Viktor se sentó en su sillón de cuero negro, entrelazando las manos sobre su regazo y mirando al frente. Su expresión seria e inescrutable de costumbre estaba de vuelta. Parecía sopesar las pocas opciones que tenían. Finalmente, suspiró profundamente y miró a Vladimir a los ojos.

—No podemos acercarnos a su casa y formar una masacre pública sin llamar la atención. Es un hecho —dijo, aparentemente más calmado.

—¿Cómo les damos su merecido, entonces? —preguntó Vladimir.

—Por desgracia para ellos, sé muy bien cada paso que han dado desde que llegaron a mi ciudad —dijo Viktor con dureza—. Esos desgraciados montaron una pequeña tienda de mariscos cerca del puerto. Es su tapadera. Después de las seis de la tarde comienzan a vaciar los puestos de venta. No habrá casi nadie y la policía frecuenta muy poco esa área. Visítalos mañana y lleva solo a los hombres necesarios contigo. No quiero sobrevivientes ni testigos, Vladimir. Demuéstrales que nadie puede jugar con nuestra familia y salir impune.

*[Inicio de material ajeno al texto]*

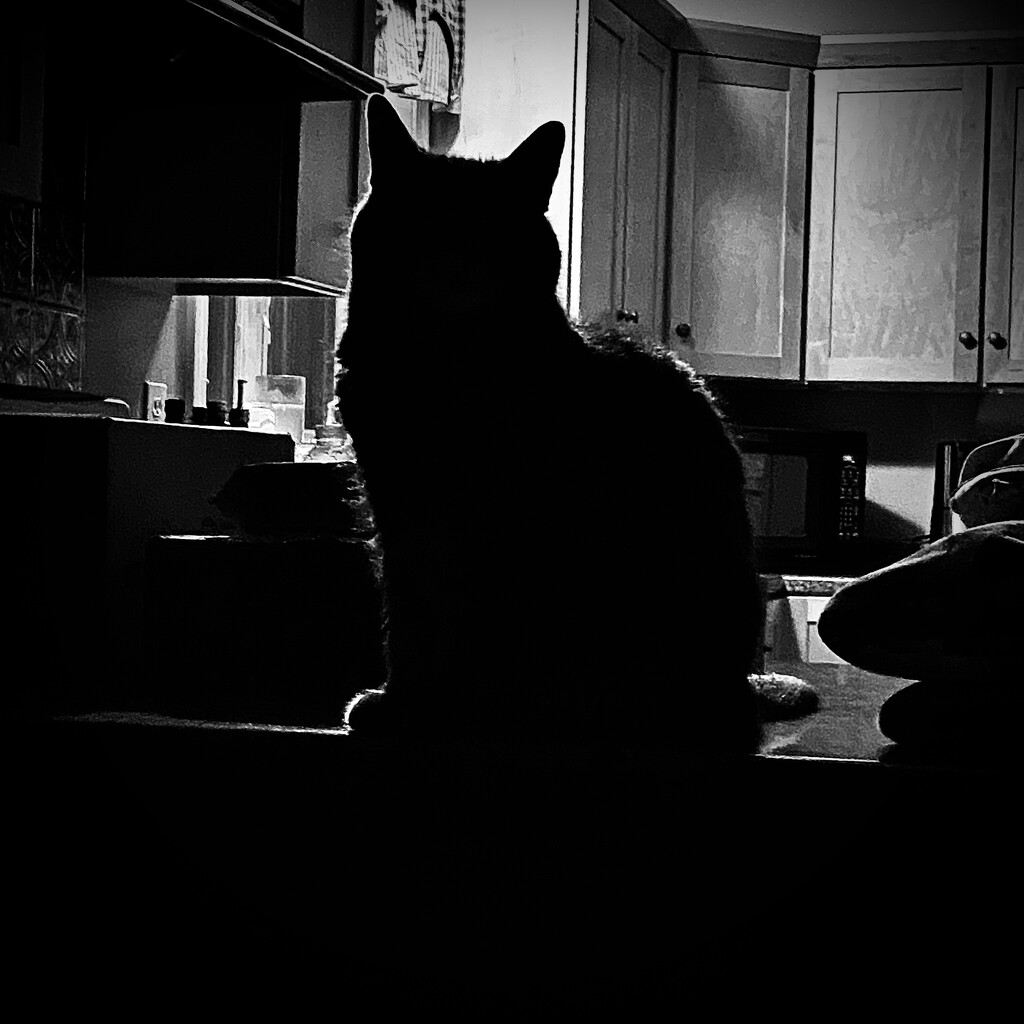 Feline Silhouette On Kitchen Cabinets by rickaubin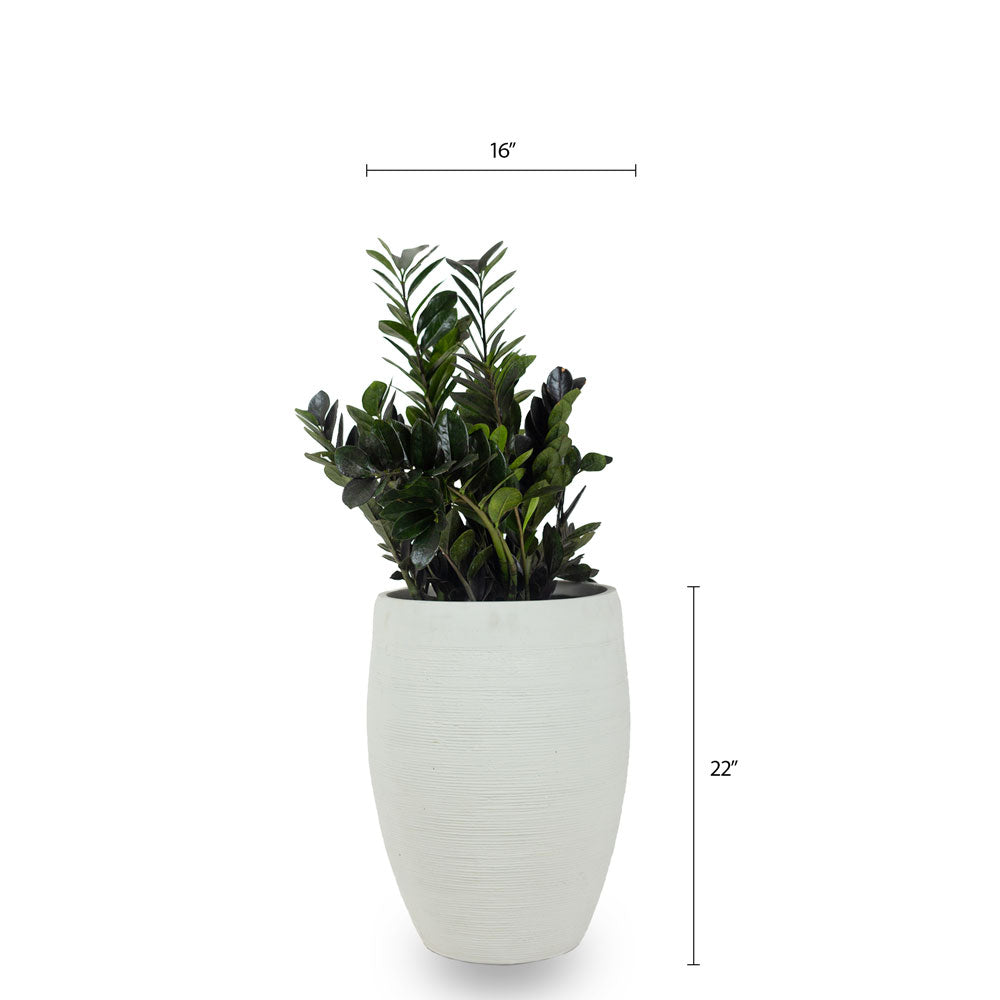 Buy round circular planters in Bnagalore online. White planters that have a beatutiful texture in Matt white available online in India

Lo dijo con tanto resentimiento que Vladimir sonrió de manera torcida al escucharlo. Tenía el camino libre para hacer justo lo que tanto deseaba, lo que mejor se le daba.

—Solo ellos sabrán que fuimos nosotros —dijo Vladimir con mucha seguridad, encaminándose hacia la puerta para ir a buscar a algunos de sus hombres y alistarlos para la acción—. No lo defraudaré, padre.

—Lo sé, hijo —respondió Viktor, asintiendo con la cabeza—. Mañana muy temprano volaré hacia Rusia. Tengo cuestiones que tratar allá con tu tío, y necesito saber que todo aquí se mantendrá en orden. Por eso te confío este asunto en persona.